Dataset extract —
------------------------------------------------

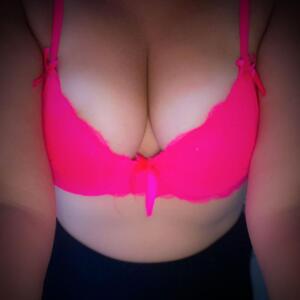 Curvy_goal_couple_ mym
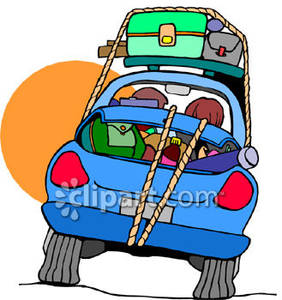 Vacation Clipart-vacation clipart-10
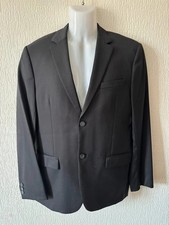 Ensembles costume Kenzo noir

------------------------------------------------

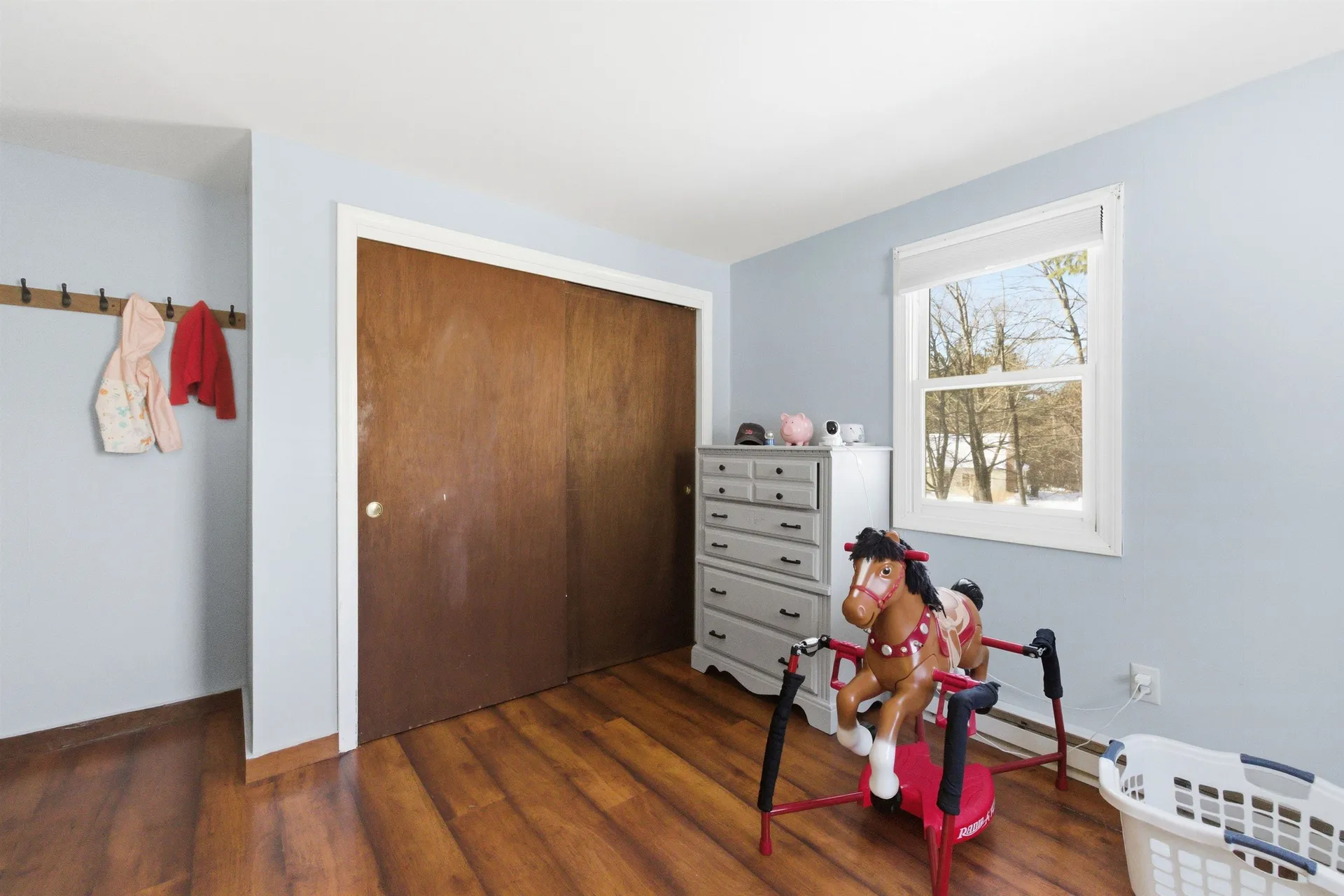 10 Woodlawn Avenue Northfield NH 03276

------------------------------------------------

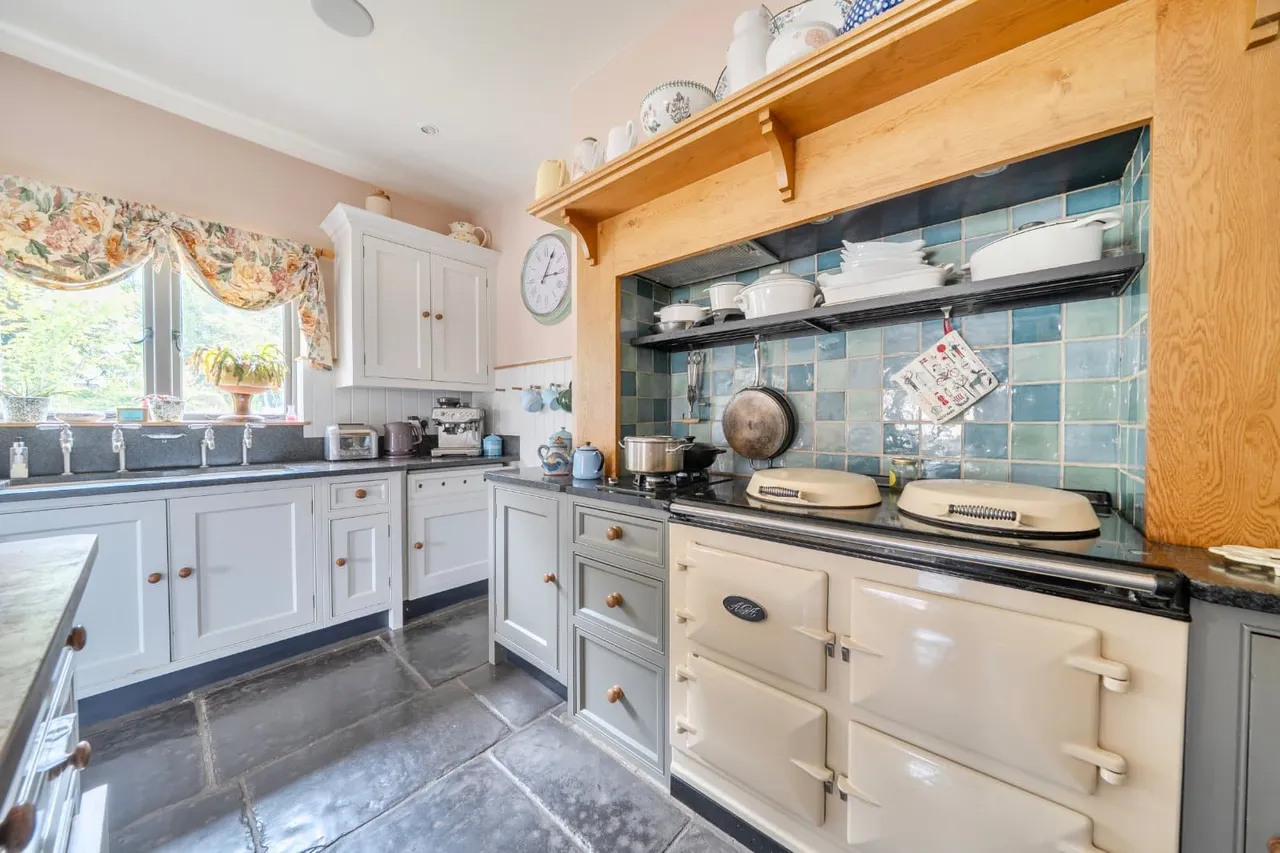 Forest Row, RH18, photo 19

------------------------------------------------

Exercise directions —
Beginning with the line above that has "Vacation Clipart-vacation clipart-10" and going on through the line that has "Ensembles costume Kenzo noir", retype every line exactly and add nothing else; drop the pictures.

Exercise response —
 Vacation Clipart-vacation clipart-10
 Ensembles costume Kenzo noir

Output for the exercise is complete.